RECORDS PROVIDED: Begin

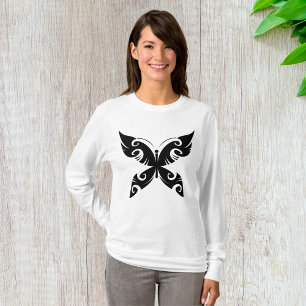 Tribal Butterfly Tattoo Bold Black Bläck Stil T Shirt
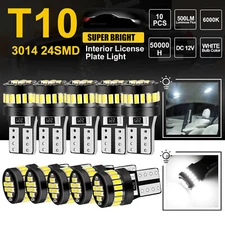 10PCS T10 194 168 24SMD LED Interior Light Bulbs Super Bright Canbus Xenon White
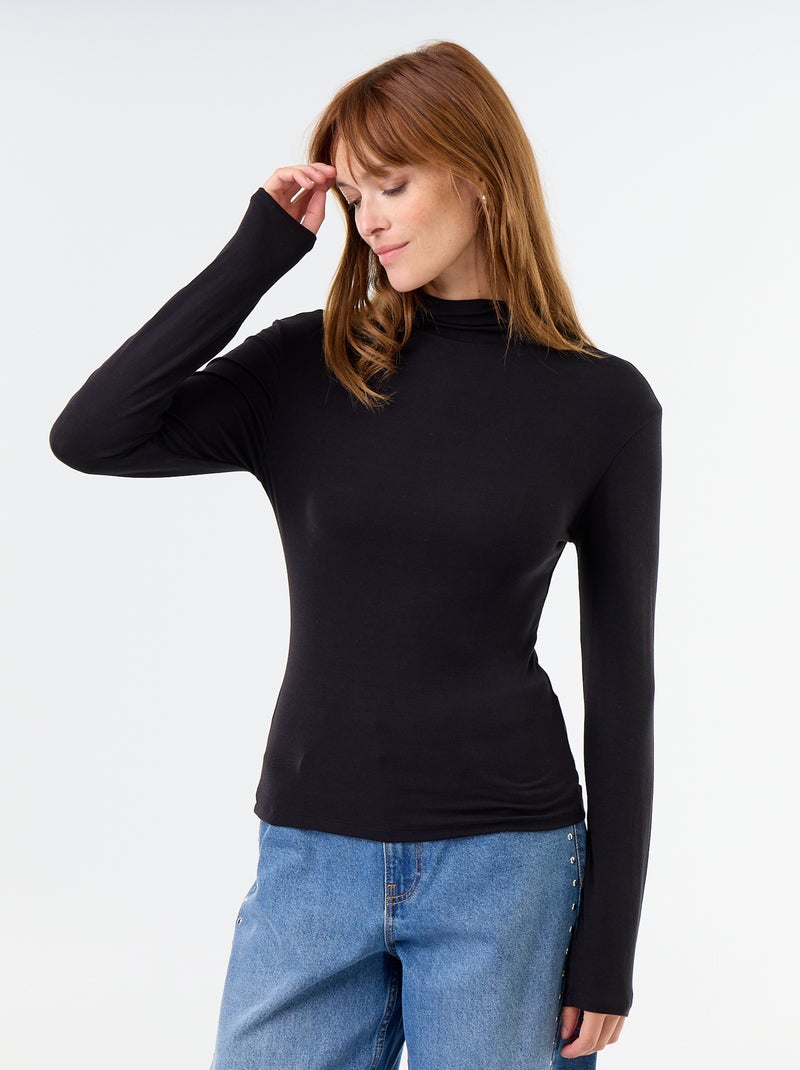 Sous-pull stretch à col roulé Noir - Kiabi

RECORDS PROVIDED: End
RECORDS PROVIDED: Begin

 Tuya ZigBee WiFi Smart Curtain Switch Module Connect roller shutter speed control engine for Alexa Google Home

RECORDS PROVIDED: End

> [TO DO]:
In the listing above, find the line with "10PCS T10 194" and output every line through the one with "Sous-pull stretch à col roulé Noir - Kiabi", exactly, without the pictures.

> [TASK OUTPUT]:
 10PCS T10 194 168 24SMD LED Interior Light Bulbs Super Bright Canbus Xenon White
 Sous-pull stretch à col roulé Noir - Kiabi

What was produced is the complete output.